だからこそ、少しでも会社が良い方向に進めるように、今の仕事のやり方を変えていかなければなりません。業績が伸びるように、現場の仕事のやり方・進め方を見直して、確かな仕事が出来るようにすることが求められます。今までは、当社では難しかった仕事。これまで、できなかった仕事をできるようにする。未経験の仕事や新しい分野の仕事にチャレンジしてできるようにする。ある意味、それが会社の発展・成長、職場のレベル・アップ、進歩の意味でしょう。
そう考えれば、リーダーの役割は「新しい仕事」にチャレンジして、それをできるようにすることです。
発展成長を目指す会社は、必ず毎年リーダーが、自部署のチャレンジ・テーマを掲げています。目標を設定すると言っても良いでしょう。何故ならば、そこから、会社の発展成長がスタートするからです。
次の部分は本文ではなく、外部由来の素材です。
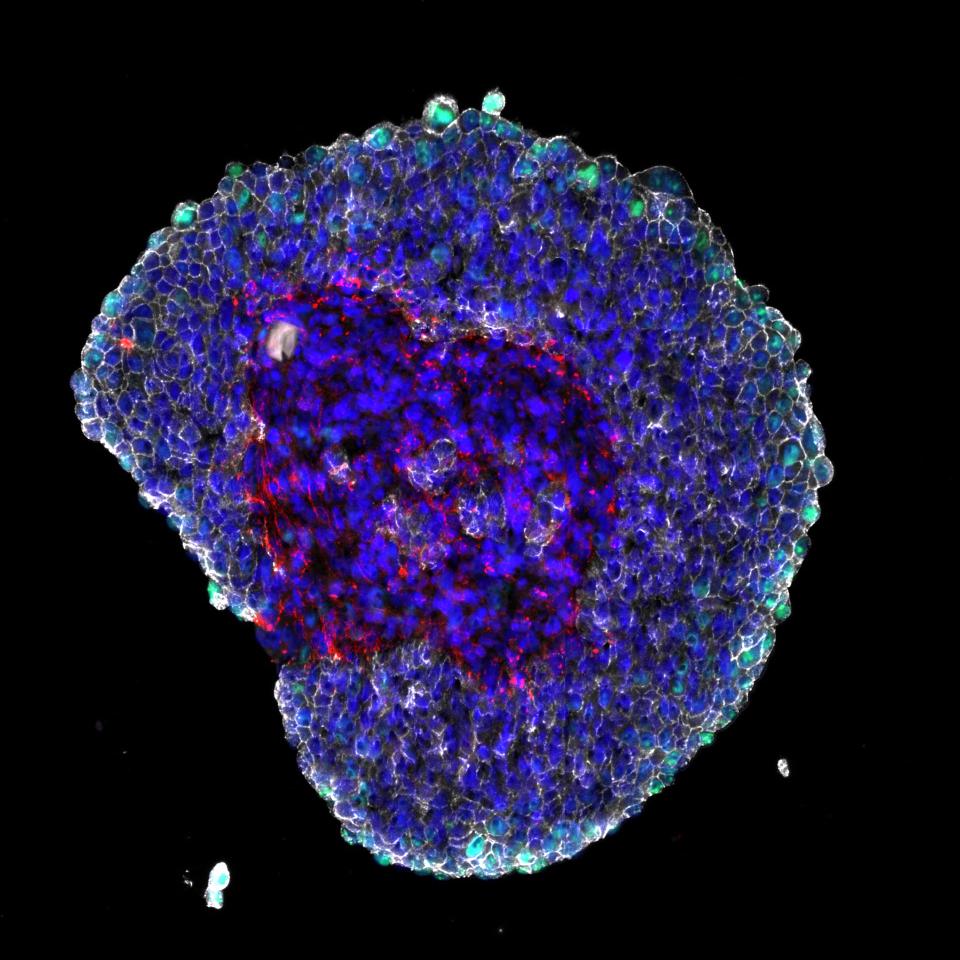 Colon cancer spheroid co-cultured with fibroblasts. FFPE sections stained for Filaggrin, Ki67, Collagen-1, E-cadherin, DAPI. The spheroids were grown, fixed, paraffin embedded, cut and stained at Bioneer A/S (Hørsholm, Denmark)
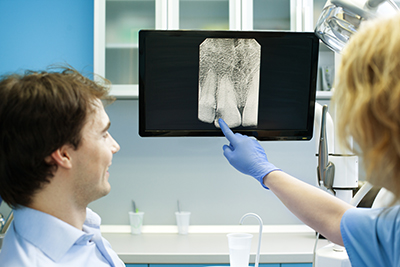 3-D CBCT Scans: How Do They Work? Are They Safe? Find Out!
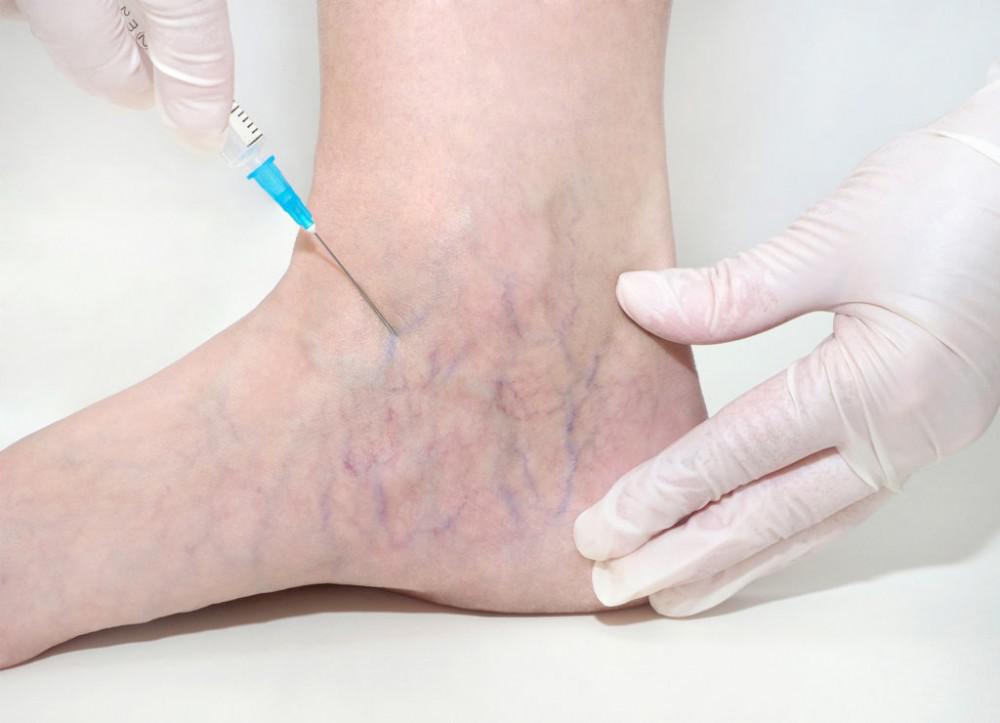 All You Should Know About Spider Veins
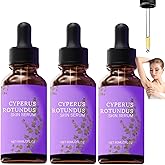 LOYOTICE 3Pcs Cyperus Rotundus Skin Serum, Cyperus Rotundus Oil for Hair Removal, Natural Organic Moisturizing Soothing Body Oil, Balances Skin Tone, Reducing Body Hair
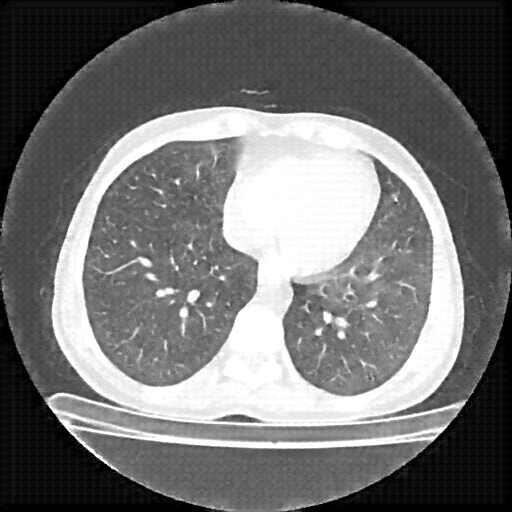 Generated VENOUS CT scan (A→B translation)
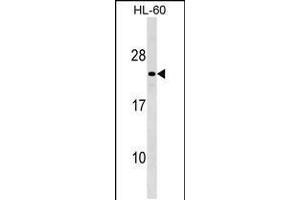 Western blot analysis in HL-60 cell line lysates (35ug/lane). (Membrane-Spanning 4-Domains, Subfamily A, Member 8 (MS4A8) (AA 44-70), (N-Term) antibody)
兎角、人は自分にできること、わかることしかやろうとしません。自分にできないことはやりたくないものです。わからないことに進んでチャレンジしようとしません。まして、会社の将来や職場全体のことなど、考えたこともありません。また、目先のこと、仕事しか眼に入りません。先のことなど全く頭にないのです。
しかし、それでは、一向に会社の成長や職場のレベルアップなど期待できないでしょう。だからこそ、リーダーが進むべき方向性を示し、それを実現できるように会社や職場を変えていかなければなりません。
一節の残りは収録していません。